HuHot Mongolian Grill
- Formerly: Mongo's
- Type: Private
- Founded: 1999; 27 years ago
- Founder: Linda Vap
- Headquarters: Missoula, Montana, United States
- Number of locations: 70+
- Key people: Linda Vap
- Website: www.huhot.com

= HuHot Mongolian Grill =

American Mongolian barbecue restaurant chain

HuHot Mongolian Grill is an American restaurant chain specializing in a create-your-own stir fry cuisine (Mongolian barbecue) with its headquarters in Missoula, Montana. As of March 2017, there are over 70 HuHot Mongolian Grills in 18 states, with the vast majority located in the Midwest and Mountain West states.

==Name==
The first HuHot, then called Mongo's, was built in Missoula, Montana in 1999 by the Vap family. However, when the company decided to franchise, they found that name was already trademarked. They chose the name HuHot, from Hohhot, the capital of Inner Mongolia.

== History ==
Due to the Vap's family's experience as Godfather's Pizza franchisees, they were familiar with franchising and knew a fellow restaurateur based in the Midwest who was interested in the concept. From there, it grew by word-of-mouth. Linda Vap, the president and founder of the company, was a career scientist before starting the business.

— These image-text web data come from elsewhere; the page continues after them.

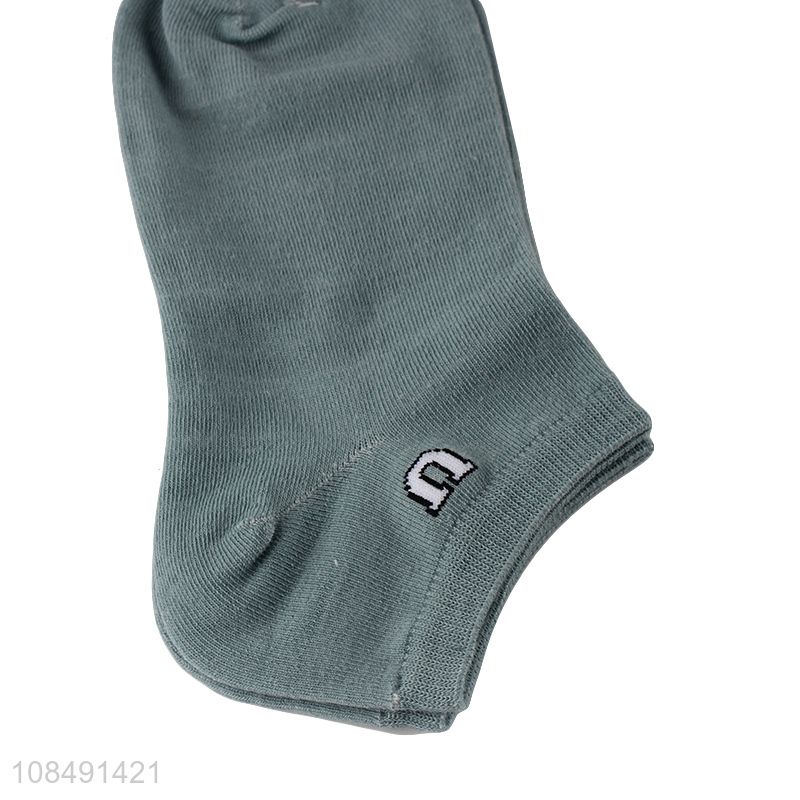 Factory direct sale multicolor soft fashion women short socks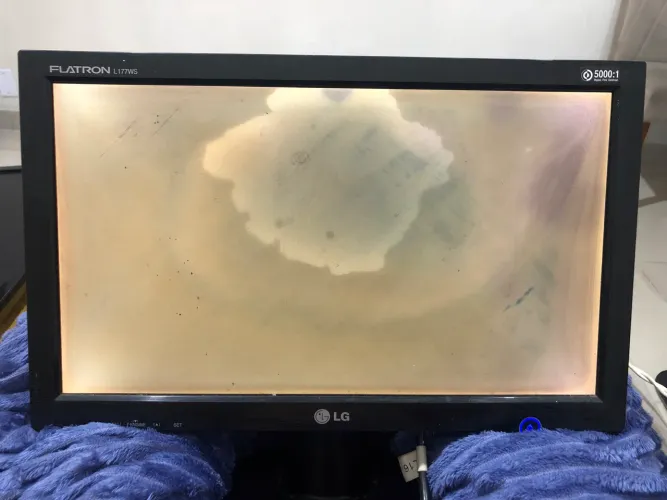 Monitor com defeito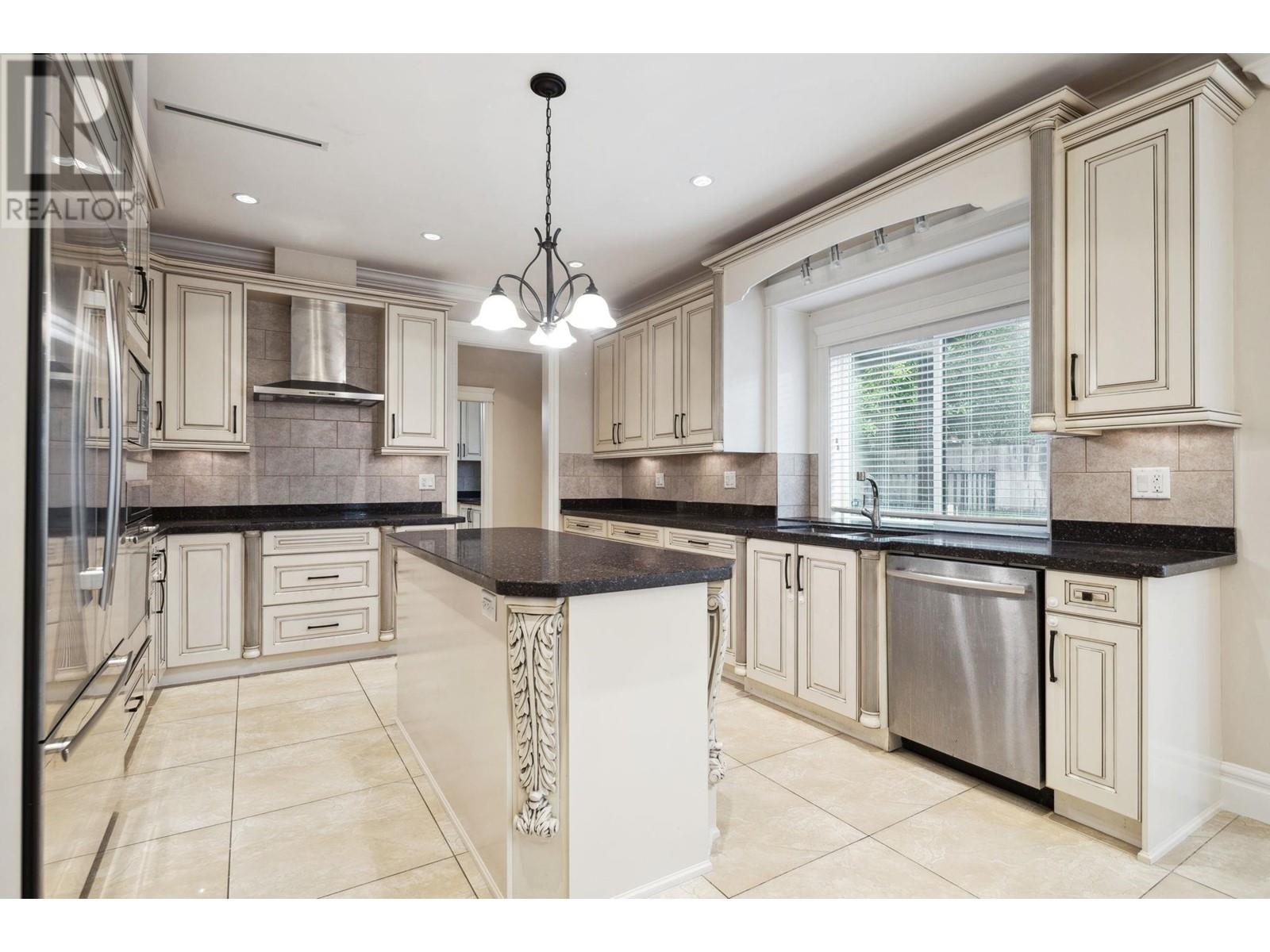 6185 Grant Street, Burnaby, British Columbia  V5B 2K7 - Photo 7 - R2985004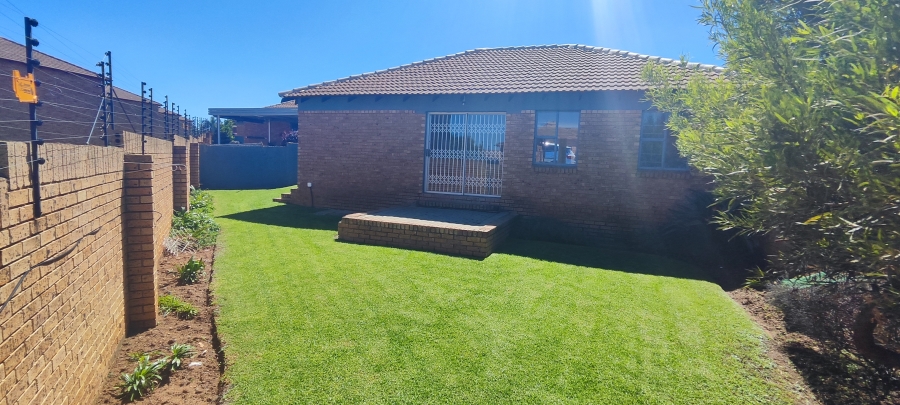 3 Bedroom Property for Sale in Halfway Gardens Gauteng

The first franchised HuHot was built in Omaha, Nebraska in 2002. As of 2022, there are nearly 60 locations of the restaurant across 17 states.

== Murals ==
The walls of each HuHot Mongolian Grill location are covered in hand-painted murals appropriating Mongolian folk tales. Laura Blaker, a Missoula, Montana-based artist travels to each new HuHot to paint its unique murals.